Fitnesstracking für die Kuh – Gesundheitsdaten erfassen, Tierwohl sichern

Über eine Schnittstelle können Klauenpfleger Befunde in Pro Gesund einspeisen Foto: J. G.

Gute Fitness und Gesundheit sind Voraussetzung für langlebige und leistungsbereite Kühe. Professionelle Datenerfassung und –analyse sind dabei unerlässlich. Johanna Götz vom Versuchs- und Bildungszentrum Staatsgut Achselschwang nutzt dazu das Gesundheitsmonitoring Pro Gesund.

Johanna Götz ist Fachlehrerin für Tierhaltung am Versuchs- und Bildungszentrum Staatsgut Achselschwang. Dort werden Auszubildende der Landwirtschaft, der ländlichen Hauswirtschaft sowie Teilnehmer von BILA-Kursen praktisch in der Tierhaltung ausgebildet. Außerdem finden verschiedene Weiterbildungen im Bereich Milchviehhaltung für verschiedene Zielgruppen und Themen statt.

Johanna Götz: „Pro Gesund stellt den gesundheitlichen Lebenslauf eines Tieres dar.“

Die Tiergesundheit im Blick mit Pro Gesund

Darüber hinaus ist Frau Götz verantwortlich für die Tiergesundheit auf dem Staatsgut. Dazu setzt die Fachberaterin auf die Erfassung und Analyse von gesundheitsrelevanten Daten mit dem Gesundheitsmonitoring Pro Gesund im LKV-Herdenmanager. So hat sie einen guten Überblick über den aktuellen Gesundheitsstatus, die Entwicklung der Gesundheitsparameter einzelner Kühe und der gesamten Herde über die Zeit.

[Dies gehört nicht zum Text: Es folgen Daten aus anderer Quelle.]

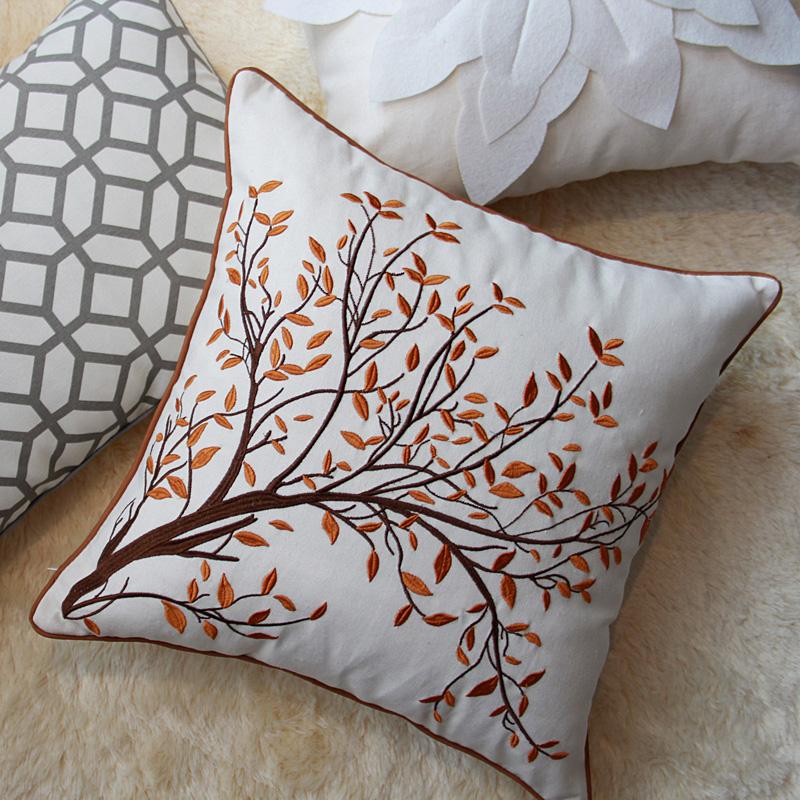 Tree Decorative Throw Pillows, Modern Sofa Pillows, Decorative Throw Pillows for Car, Decorative Sofa Pillows
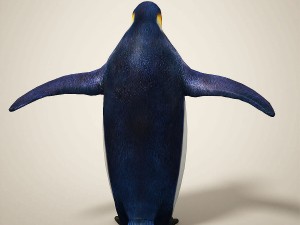 penguins 3D मॉडल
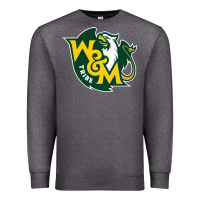 Charcoal Heather william & mary tribe Premium Sweatshirt - linhVisuals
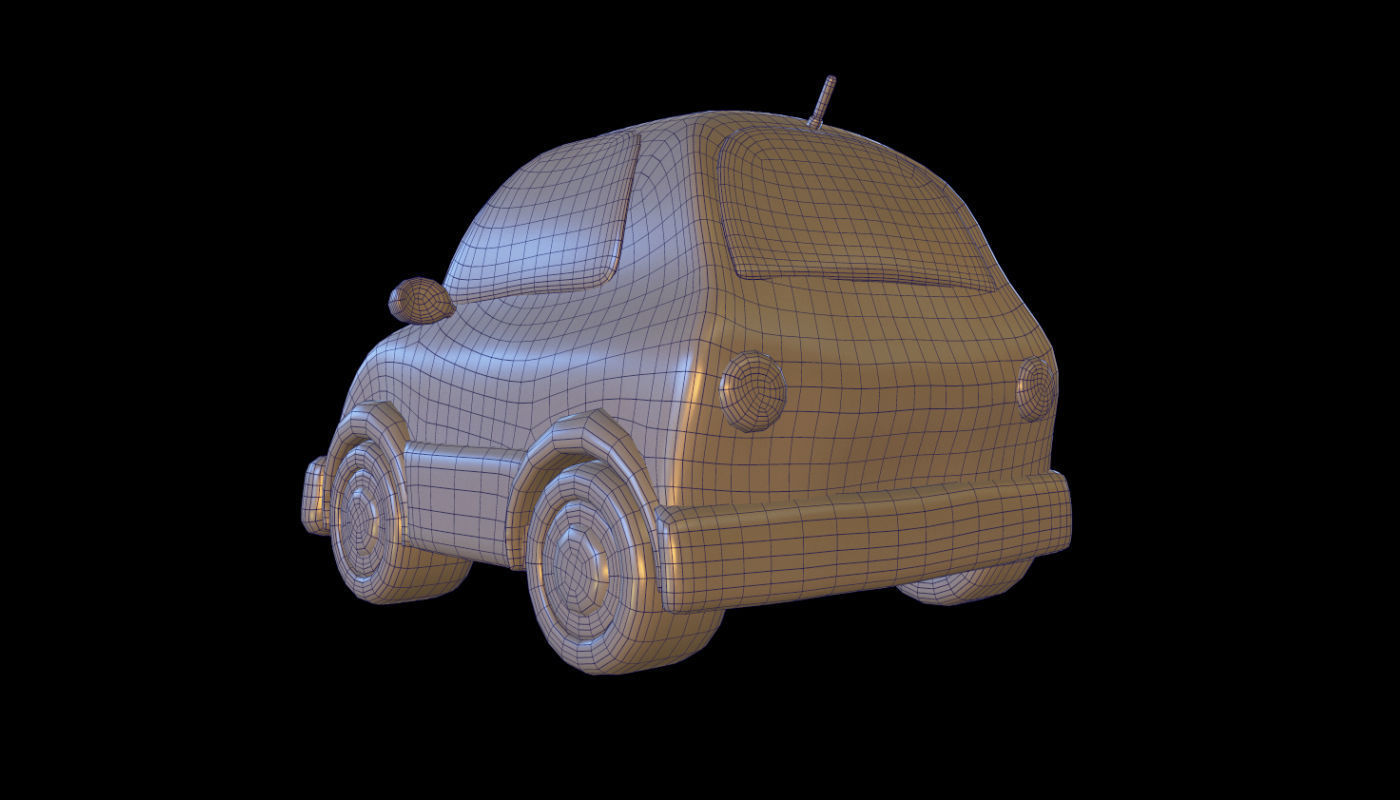 ICON MEGAPACK 3 Low-poly 3D model_34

Umfassendes Gesundheitsmonitoring

Pro Gesund ermöglicht Landwirten und Tierärzten die Eingabe von Diagnosen und Befunden aus verschiedenen Bereichen der Gesundheit von Kühen und Kälbern. Um Informationen zur Tiergesundheit möglichst umfassend abbilden zu können, wird Pro Gesund um Schnittstellen zu wichtigen Informationsübermittlern erweitert. Bei Zustimmung durch den Tierhalter können folgende Informationen an Pro Gesund übertragen werden:

Pro Gesund - Umfassende Dokumentation von Gesundheitsinformationen von Kühen und Kälbern
  • Bakteriologische Untersuchungsergebnisse aus Milchproben (TGD)
  • Fruchtbarkeitsbefunde von Besamungstechnikern (Besamungsstation BVN, Besamungsstation Marktredwitz/ Wölsau in Entwicklung)
  • Klauenbefunde von Klauenpflegern, die das Programm KLAUE (dsp Agrosoft) oder das Klauenpflegeprogramm des Höchstädter Klauenpflegedienst nutzen
  • Schlachthofbefunde (Fleischprüfring/ Qualifood)

Vor der offiziellen Einführung des Pro Gesund Klauenmoduls im LKV-Herdenmanager war das Staatsgut Achselschwang bereits Testbetrieb. Im Interview mit Johanna Götz sprechen wir mit der Expertin für Tiergesundheit über ein professionelles Gesundheitsmanagement im Allgemeinen und die Bedeutung der Klauengesundheit im Besonderen.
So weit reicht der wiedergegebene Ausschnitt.